The shooting sparked a protest that ultimately shut down I-94 for a short stretch. I wrote on Facebook the morning after that I was proud of my friends in Minneapolis who stood up for justice that night. While it turns out I didn’t know anybody on I-94 that night, I remain proud of every Minneapolitan who has gone to one of those protests, donated to a legal defense fund, or in any way stood up for justice in their community.
Photo: Fibonacci Blue
It’s easy to look at that protest and say: “That’s dangerous,” or “think of the people who didn’t get home on time,” or speculate about what might have happened because a small stretch of I-94 was shut down for a couple hours. It’s easy to feel inconvenienced by traffic jams.
If that traffic jam were caused by people holding signs that said “Traffic Jams Matter” and they weren’t protesting abysmal road conditions, I might agree with folks who criticized the protesters. But those signs didn’t read “Traffic Jams Matter,” they read “Black Lives Matter,” and the brave souls camping at the 4th Precinct every night aren’t holding signs that read “Entrances to Buildings Matter,” their’s, too, read “Black Lives Matter.”
Just the basic fact that a member of the public was killed by their government should cause alarm. Police killing people should be rare, even rarer should be questions about whether the killing was necessary. But at 873 people shot dead by police this year, it’s anything but rare.
So far a plurality (45%) of those 873 were people of color (a majority if you include the 63 where race of the victim was “unknown”). 30 were unarmed and black. At least 72 were shot dead by police in November – nearly 2.5 per day. There have been 11 since November 16 when Jamar Clark was shot dead in a Minneapolis house. The accounts of these shootings are a depressing read because either the person killed was horrifically violent or because they might have been innocent.
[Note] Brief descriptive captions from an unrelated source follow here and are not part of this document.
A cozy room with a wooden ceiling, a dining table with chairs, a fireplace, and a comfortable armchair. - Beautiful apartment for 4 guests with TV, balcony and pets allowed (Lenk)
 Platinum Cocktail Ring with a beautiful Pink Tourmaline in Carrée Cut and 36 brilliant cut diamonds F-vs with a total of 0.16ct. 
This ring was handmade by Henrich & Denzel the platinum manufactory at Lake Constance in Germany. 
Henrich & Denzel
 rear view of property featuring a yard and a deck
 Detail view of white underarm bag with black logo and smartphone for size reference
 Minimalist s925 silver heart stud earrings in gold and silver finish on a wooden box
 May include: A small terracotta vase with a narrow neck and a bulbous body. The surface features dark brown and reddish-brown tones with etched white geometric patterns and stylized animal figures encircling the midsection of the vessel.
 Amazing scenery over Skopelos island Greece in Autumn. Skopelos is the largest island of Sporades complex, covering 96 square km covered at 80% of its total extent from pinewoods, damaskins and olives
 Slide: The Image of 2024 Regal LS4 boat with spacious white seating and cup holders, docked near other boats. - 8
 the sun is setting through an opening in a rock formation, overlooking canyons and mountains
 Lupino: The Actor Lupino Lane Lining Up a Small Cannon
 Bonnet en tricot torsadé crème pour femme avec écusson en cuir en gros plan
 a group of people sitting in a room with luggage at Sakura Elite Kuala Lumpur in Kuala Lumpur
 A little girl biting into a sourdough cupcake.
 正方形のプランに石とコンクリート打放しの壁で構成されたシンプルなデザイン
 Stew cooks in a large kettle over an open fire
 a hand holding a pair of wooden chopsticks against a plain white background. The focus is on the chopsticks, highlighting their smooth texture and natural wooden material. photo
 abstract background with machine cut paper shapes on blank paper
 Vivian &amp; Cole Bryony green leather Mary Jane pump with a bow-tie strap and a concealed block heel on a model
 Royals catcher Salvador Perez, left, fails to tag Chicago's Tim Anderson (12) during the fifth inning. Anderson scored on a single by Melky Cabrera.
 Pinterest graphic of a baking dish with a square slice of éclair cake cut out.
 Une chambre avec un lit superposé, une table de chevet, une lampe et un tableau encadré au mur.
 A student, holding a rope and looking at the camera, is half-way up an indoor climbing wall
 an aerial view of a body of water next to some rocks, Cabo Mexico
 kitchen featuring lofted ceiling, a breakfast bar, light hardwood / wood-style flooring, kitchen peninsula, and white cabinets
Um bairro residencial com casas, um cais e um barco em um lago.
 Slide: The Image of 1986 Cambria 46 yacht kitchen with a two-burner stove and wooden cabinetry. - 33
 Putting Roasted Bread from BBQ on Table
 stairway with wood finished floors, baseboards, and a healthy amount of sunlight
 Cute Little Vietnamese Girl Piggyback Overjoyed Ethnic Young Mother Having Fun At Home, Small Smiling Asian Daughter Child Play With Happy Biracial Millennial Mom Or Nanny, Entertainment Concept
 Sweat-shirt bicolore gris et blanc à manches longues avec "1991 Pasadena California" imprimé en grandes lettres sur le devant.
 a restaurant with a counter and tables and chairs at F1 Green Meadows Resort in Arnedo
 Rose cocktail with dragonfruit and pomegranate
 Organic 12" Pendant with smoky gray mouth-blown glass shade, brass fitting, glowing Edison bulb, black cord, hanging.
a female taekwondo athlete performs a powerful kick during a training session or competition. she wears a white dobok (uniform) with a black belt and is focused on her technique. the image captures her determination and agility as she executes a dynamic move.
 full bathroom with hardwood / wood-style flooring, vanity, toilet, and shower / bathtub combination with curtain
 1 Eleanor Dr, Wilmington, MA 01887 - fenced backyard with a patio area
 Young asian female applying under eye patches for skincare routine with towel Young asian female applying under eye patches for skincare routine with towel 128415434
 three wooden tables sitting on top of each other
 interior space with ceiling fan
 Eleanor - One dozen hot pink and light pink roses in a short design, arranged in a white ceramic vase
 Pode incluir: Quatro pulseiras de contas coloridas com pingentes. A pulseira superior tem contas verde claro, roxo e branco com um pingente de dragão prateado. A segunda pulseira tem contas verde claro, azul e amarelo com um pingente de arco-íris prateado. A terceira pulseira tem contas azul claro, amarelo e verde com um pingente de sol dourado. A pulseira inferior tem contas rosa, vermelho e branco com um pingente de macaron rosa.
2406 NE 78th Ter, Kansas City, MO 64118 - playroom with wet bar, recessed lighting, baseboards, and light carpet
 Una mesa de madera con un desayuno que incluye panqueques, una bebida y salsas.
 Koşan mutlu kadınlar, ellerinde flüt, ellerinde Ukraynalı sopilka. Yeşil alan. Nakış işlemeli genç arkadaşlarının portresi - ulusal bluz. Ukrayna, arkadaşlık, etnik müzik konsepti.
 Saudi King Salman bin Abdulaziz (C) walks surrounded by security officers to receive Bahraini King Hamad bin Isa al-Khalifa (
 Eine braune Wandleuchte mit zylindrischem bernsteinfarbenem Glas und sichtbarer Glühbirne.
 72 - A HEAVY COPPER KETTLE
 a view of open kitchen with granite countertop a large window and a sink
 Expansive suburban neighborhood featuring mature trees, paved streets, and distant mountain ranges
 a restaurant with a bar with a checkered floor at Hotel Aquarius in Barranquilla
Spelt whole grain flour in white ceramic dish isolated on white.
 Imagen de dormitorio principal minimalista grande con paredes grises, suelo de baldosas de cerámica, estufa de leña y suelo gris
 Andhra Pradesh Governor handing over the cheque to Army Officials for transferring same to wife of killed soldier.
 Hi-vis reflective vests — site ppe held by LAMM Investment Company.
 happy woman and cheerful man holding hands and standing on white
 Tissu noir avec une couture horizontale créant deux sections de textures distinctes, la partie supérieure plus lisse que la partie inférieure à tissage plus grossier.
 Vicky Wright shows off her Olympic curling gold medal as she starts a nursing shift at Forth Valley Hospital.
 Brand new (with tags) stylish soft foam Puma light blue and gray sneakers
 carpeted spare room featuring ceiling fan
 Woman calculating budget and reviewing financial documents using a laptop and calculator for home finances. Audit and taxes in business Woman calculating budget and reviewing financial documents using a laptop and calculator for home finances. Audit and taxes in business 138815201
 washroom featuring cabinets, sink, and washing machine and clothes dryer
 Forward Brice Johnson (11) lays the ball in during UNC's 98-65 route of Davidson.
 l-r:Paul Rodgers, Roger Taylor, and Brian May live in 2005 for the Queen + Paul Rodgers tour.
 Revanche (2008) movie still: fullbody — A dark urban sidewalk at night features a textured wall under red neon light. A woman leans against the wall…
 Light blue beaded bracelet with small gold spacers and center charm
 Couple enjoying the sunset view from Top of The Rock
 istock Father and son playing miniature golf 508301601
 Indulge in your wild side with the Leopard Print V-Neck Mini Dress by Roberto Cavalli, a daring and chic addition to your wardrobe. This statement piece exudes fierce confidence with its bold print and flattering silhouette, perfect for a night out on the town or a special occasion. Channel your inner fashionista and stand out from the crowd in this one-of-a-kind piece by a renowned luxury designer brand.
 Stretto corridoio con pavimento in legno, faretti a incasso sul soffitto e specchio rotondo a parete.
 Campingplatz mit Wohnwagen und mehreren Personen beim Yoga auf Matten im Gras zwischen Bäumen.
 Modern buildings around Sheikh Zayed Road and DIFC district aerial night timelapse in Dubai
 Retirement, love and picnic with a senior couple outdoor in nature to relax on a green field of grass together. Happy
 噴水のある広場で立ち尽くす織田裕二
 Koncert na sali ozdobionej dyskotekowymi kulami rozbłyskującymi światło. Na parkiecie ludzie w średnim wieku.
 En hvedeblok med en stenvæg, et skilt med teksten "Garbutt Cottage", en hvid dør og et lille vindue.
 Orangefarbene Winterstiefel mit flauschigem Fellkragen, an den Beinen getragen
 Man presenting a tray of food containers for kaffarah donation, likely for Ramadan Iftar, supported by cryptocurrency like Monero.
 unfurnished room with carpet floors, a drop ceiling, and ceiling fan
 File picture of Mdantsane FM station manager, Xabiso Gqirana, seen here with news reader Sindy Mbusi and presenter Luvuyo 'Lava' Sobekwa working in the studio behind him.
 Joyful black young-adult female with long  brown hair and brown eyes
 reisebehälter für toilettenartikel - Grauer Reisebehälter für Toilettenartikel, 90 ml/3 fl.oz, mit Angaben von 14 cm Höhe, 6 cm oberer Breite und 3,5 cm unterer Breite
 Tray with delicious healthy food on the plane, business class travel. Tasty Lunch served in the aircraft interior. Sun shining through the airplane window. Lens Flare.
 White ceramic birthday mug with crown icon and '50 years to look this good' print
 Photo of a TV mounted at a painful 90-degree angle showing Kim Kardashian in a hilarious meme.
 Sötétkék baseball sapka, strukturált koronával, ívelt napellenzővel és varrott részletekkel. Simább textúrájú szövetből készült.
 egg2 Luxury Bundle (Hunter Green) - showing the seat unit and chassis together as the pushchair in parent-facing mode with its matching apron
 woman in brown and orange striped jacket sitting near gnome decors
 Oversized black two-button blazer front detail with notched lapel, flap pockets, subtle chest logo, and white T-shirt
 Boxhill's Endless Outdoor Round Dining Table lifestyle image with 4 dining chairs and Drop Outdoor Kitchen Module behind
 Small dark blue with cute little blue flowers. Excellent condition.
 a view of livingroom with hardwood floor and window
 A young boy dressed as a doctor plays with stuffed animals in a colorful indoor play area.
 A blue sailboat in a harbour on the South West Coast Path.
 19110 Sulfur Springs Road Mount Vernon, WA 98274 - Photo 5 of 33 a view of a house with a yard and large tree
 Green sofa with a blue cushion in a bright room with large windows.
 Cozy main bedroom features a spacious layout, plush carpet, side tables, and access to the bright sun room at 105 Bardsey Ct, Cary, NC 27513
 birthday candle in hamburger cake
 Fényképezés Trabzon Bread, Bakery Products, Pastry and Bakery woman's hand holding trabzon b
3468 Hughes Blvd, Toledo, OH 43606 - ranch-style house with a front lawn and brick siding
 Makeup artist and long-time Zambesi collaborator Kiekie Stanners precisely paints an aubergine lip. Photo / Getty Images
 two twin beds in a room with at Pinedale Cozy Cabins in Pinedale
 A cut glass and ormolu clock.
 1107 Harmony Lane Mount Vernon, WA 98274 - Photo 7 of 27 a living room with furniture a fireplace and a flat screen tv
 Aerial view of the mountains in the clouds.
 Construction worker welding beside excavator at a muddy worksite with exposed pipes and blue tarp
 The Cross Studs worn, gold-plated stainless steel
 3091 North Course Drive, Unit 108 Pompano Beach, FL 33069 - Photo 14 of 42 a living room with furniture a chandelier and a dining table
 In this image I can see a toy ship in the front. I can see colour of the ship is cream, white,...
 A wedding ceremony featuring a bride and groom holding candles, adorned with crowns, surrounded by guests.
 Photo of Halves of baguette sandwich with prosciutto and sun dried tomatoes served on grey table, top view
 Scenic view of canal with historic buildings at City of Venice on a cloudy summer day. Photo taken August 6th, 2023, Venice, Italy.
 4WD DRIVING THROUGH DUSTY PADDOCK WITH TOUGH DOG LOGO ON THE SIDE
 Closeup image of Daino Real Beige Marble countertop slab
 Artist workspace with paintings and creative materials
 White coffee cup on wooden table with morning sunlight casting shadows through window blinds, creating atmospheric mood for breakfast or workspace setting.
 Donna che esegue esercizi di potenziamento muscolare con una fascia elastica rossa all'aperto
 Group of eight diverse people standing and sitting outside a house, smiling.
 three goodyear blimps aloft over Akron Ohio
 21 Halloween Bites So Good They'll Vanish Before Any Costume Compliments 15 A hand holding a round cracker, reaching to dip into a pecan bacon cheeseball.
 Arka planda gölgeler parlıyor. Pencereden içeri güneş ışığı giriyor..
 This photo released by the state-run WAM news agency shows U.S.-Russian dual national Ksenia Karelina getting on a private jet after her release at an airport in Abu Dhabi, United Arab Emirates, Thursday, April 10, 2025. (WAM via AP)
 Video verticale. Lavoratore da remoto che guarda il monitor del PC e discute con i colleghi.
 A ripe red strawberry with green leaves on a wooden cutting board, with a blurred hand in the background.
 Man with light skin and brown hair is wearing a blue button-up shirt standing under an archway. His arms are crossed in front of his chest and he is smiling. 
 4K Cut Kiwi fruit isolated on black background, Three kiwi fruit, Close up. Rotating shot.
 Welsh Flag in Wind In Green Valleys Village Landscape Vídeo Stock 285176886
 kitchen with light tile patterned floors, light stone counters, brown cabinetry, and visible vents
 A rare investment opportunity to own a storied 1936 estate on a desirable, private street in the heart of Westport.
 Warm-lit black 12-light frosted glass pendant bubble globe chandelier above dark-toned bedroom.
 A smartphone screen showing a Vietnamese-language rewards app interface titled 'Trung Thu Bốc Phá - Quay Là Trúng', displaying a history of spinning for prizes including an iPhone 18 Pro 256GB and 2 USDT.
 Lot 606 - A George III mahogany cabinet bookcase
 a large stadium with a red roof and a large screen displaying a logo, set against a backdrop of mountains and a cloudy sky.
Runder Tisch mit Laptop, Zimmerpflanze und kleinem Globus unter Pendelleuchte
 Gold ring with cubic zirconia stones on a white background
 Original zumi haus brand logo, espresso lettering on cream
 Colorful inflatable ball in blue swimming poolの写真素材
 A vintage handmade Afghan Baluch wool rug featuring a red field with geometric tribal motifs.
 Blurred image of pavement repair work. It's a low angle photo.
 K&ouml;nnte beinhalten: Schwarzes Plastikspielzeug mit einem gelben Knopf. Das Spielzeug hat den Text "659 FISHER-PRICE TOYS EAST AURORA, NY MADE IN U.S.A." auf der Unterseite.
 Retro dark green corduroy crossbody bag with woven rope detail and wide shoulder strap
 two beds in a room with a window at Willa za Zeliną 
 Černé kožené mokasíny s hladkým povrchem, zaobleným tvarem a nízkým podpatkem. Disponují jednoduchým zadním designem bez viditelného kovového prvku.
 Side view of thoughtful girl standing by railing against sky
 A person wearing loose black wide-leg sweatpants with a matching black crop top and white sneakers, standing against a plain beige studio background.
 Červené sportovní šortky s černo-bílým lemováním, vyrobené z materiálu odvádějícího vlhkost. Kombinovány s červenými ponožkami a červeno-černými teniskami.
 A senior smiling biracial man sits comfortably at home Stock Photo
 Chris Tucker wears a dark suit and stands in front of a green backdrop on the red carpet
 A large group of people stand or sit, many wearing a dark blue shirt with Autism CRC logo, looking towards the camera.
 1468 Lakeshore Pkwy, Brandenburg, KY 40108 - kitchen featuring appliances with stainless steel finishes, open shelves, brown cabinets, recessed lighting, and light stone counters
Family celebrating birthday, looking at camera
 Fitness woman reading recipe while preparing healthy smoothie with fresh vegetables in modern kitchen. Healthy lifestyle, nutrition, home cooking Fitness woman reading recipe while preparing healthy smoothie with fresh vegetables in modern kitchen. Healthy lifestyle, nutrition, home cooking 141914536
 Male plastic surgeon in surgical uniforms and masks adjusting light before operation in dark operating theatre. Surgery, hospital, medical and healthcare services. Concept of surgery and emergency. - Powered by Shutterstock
It’s easy to cherry pick the most heinous stories out of the list of nearly 900. It’s harder for anybody who wasn’t there to know whether the shooting was justified. I think most people can agree that shooting a suspect dead should be the solution of last resort.
Jamar Clark got into a “physical altercation” with police but was unarmed and witnesses say he was not resisting arrest. Some accounts say he was in handcuffs. The NAACP said he was murdered “execution style.”
Police say he disarmed an officer. Even if that’s true it is difficult for me to imagine how ending his life was the only option available to the officers.
Situations like these always provoke a lot of questions in my head: If he truly disarmed an officer, are police officers not trained in disarming suspects? If they are, why didn’t they? Otherwise, why aren’t they? Did he need to be shot in the head to neutralize the threat? If the police shot him in the leg would he still be alive? Would he get due process and a fair trial? The last question we will never get an answer to because, like so many others, Jamar Clark is dead. And dead people can’t answer questions.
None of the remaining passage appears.